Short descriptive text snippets
###
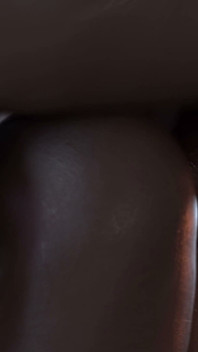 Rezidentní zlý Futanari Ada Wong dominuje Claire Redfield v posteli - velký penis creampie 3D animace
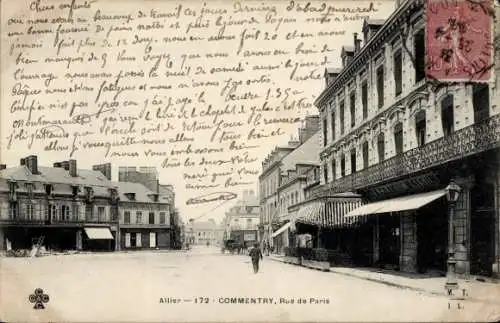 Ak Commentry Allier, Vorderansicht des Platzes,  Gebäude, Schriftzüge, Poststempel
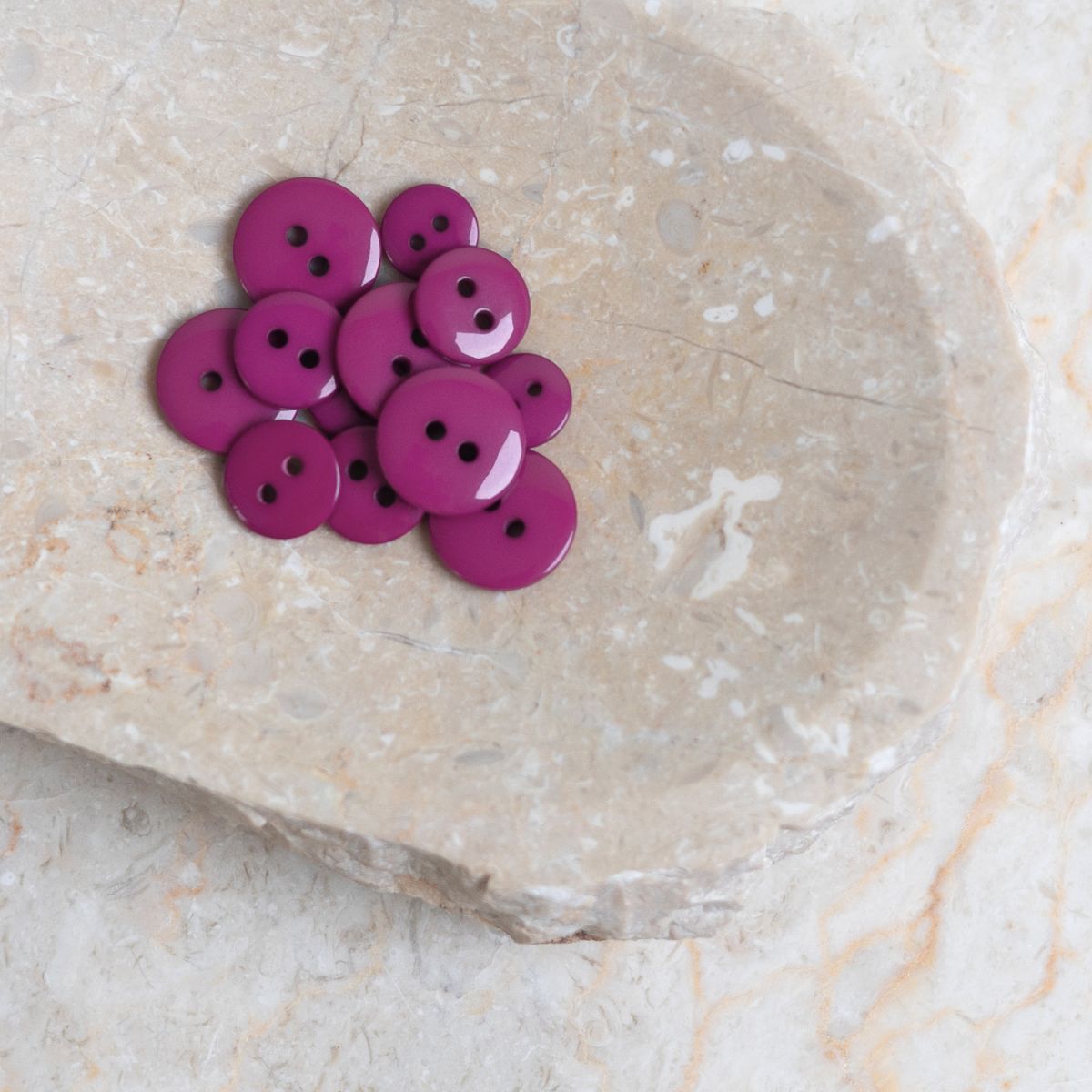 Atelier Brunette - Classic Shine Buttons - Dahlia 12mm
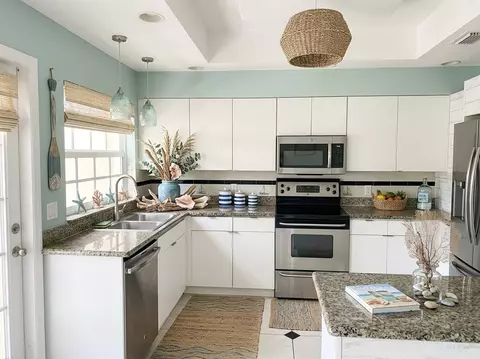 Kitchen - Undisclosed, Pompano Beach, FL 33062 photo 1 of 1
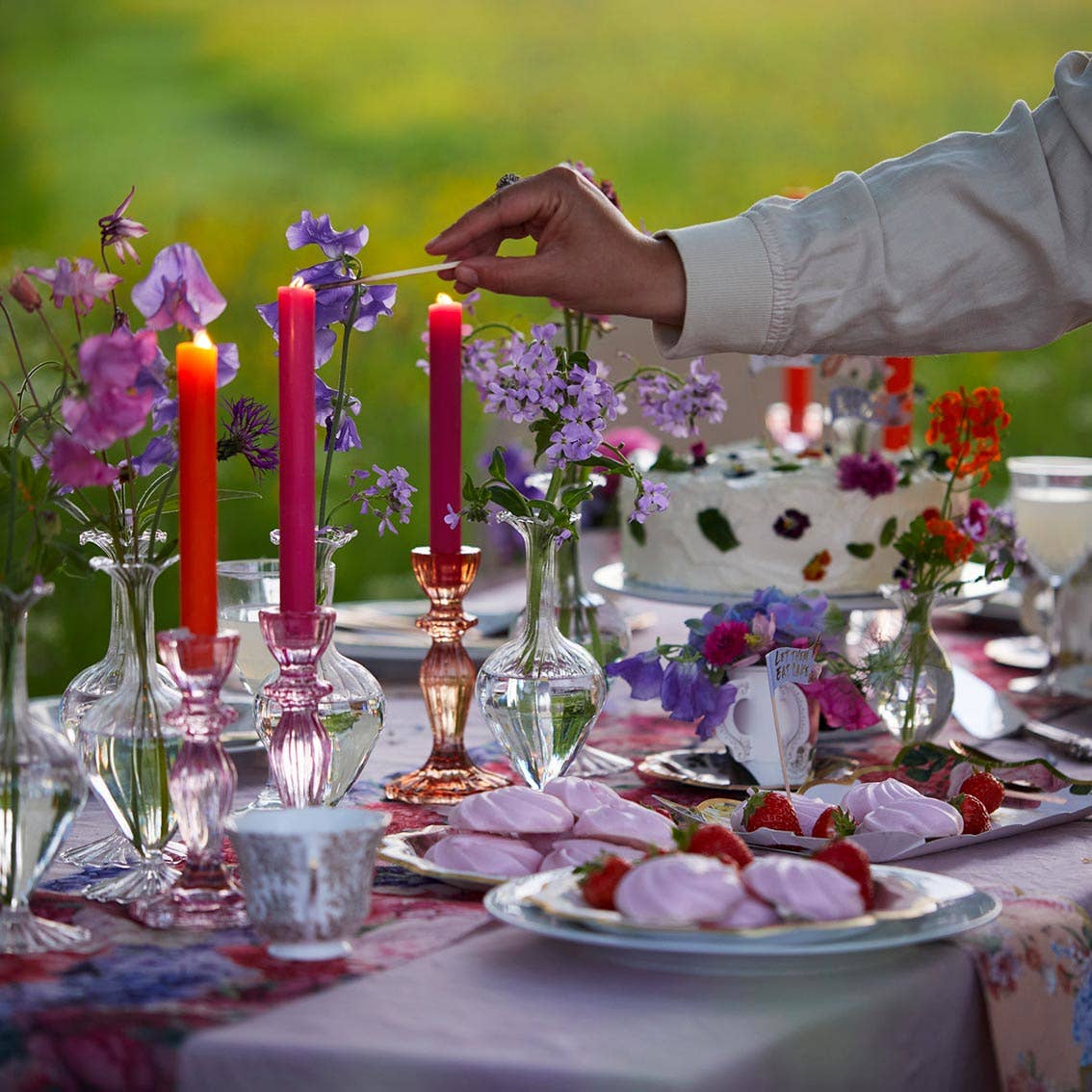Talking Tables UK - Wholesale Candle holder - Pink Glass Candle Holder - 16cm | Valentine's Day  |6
###
Exclude the images and reproduce the remaining data exactly.

 Rezidentní zlý Futanari Ada Wong dominuje Claire Redfield v posteli - velký penis creampie 3D animace
 Ak Commentry Allier, Vorderansicht des Platzes,  Gebäude, Schriftzüge, Poststempel
 Atelier Brunette - Classic Shine Buttons - Dahlia 12mm
 Kitchen - Undisclosed, Pompano Beach, FL 33062 photo 1 of 1
Talking Tables UK - Wholesale Candle holder - Pink Glass Candle Holder - 16cm | Valentine's Day  |6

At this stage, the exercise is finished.